Standing Committee of the National People's Congress
- Passed by: Standing Committee of the National People's Congress
- Passed: 28 June 2023
- Signed by: President Xi Jinping
- Signed: 28 June 2023
- Commenced: 1 July 2023

Legislative history
- Introduced by: Council of Chairpersons
- First reading: 26–30 October 2022
- Second reading: 26–28 June 2023

= Foreign Relations Law of the People's Republic of China =

Law of the People's Republic of China

The Foreign Relations Law of the People's Republic of China is a legislation concerning foreign affairs of China. It was passed by the Standing Committee of the National People's Congress on 28 June 2023 and came into effect on 1 July 2023. The law outlines the country's foreign policy goals and objectives, codifies the institutional framework of foreign policy decision-making. Notably, the law explicitly grants the Chinese Communist Party (CCP) authority over the foreign policy.

== Legislative history ==
The Foreign Relations Law was passed by the Standing Committee of the National People's Congress (NPCSC) on 28 June 2023, and was signed by Xi Jinping in his capacity as president in the same day. It came into effect on 1 July 2023.

== Provisions ==
The law concerns China's diplomatic relations with other countries, its exchanges and cooperation with those countries in economic, cultural and other areas, and the country's relations with the United Nations and other international organizations. It lays out China's official foreign policy goals to be:

- Safeguarding China's sovereignty, national security and development interests
- Protecting and promoting the interests of the Chinese people
- Building China into a great modernized socialist country
- Realizing the great rejuvenation of the Chinese nation
- Promoting world peace and development
- Building a community with a shared future for mankind
It also codifies other stated Chinese foreign policy objectives such as independent foreign policy of peace, five principles of peaceful coexistence, path of peaceful development and opening to the outside world.

=== Institutions ===
The Law explicitly states that China conducts its foreign policy "under the centralized and overall leadership" of the Chinese Communist Party (CCP).
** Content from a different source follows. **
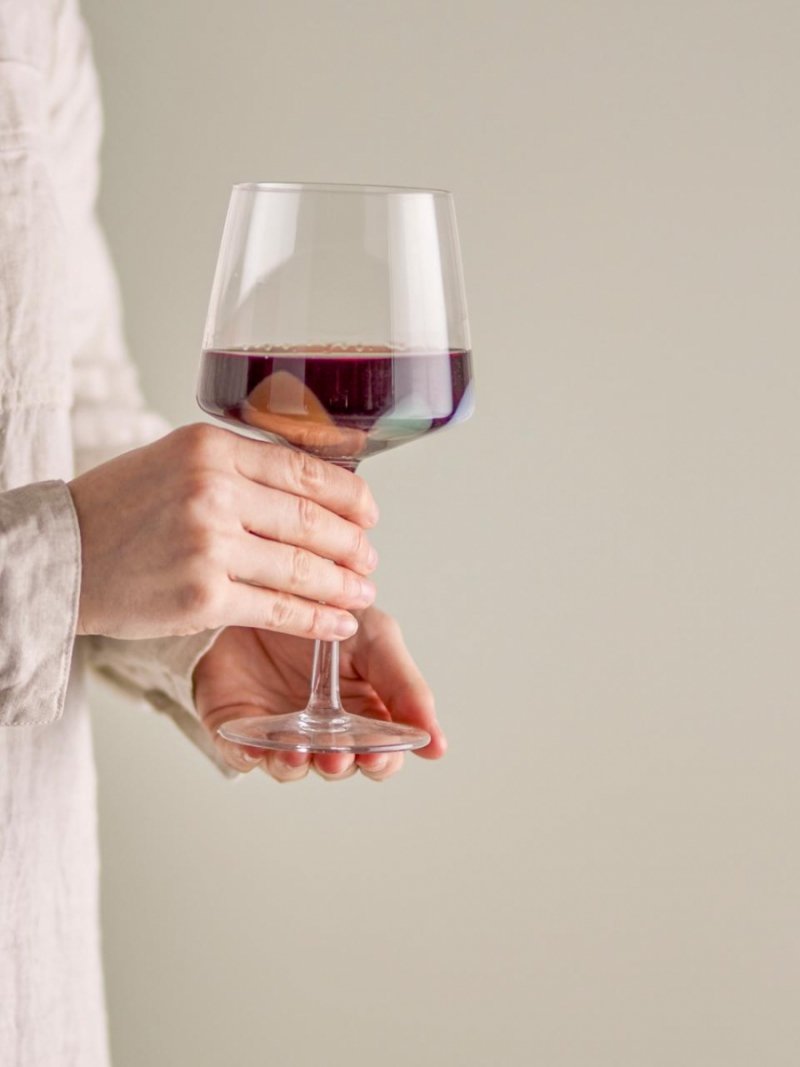 Bloomingville GILDOR Kieliszki do Wina 490 ml 6 Szt. / Brązowe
The CCP's Central Foreign Affairs Commission is granted the role of "policy making, deliberation and coordination relating to the conduct of foreign relations". According to the law, the National People's Congress and its Standing Committee "ratify or denounce treaties and important agreements concluded with other countries" and conduct activities and strengthen exchanges with "parliaments of foreign countries as well as international and regional parliamentary organizations". The president represents the state, the State Council "manages foreign affairs" and "concludes treaties and agreements with foreign countries", and the Central Military Commission conducts "international military exchanges and cooperation". The Ministry of Foreign Affairs "undertakes matters relating to diplomatic exchanges of Party and State leaders with foreign leaders" and "enhances guidance, coordination, management and service for international exchanges and cooperation conducted by other government departments and localities".

=== Ideology ===
The law specifies that the country conducts its foreign relations under the guidance of Marxism–Leninism, Mao Zedong Thought, Deng Xiaoping Theory, the Three Represents, the Scientific Outlook on Development, and Xi Jinping Thought on Socialism with Chinese Characteristics for a New Era. It also explicitly states that China "conducts foreign relations to uphold its system of socialism with Chinese characteristics, safeguard its sovereignty, unification and territorial integrity, and promote its economic and social development".

=== International system ===
The law codifies three of Xi's global initiatives: the Global Development Initiative, the Global Security Initiative, and the Global Civilization Initiative. It also states that China "upholds the international system with the United Nations at its core" and that it "observes the purposes and principles" of the Charter of the United Nations.

=== Countermeasures ===
The Article 33 of the Law states that China the right to "counter and restrictive measures", though this does not create new sanction mechanisms and largely overlaps with preexisting and more specific laws such as the Anti–Foreign Sanctions Law of 2021.

== Reactions ==
Central Foreign Affairs Commission Office Director Wang Yi, writing an op-ed to the People's Daily, wrote that the formulation of the law is to "thoroughly implement" Xi Jinping Thought, especially Xi Jinping Thought on Diplomacy and Xi Jinping Thought on the Rule of Law. He also wrote that the law was "an important measure to strengthen the Communist Party Central Committee’s centralized and unified leadership over foreign affairs". The state-run Global Times called it a "key step to enrich the legal toolbox against Western hegemony".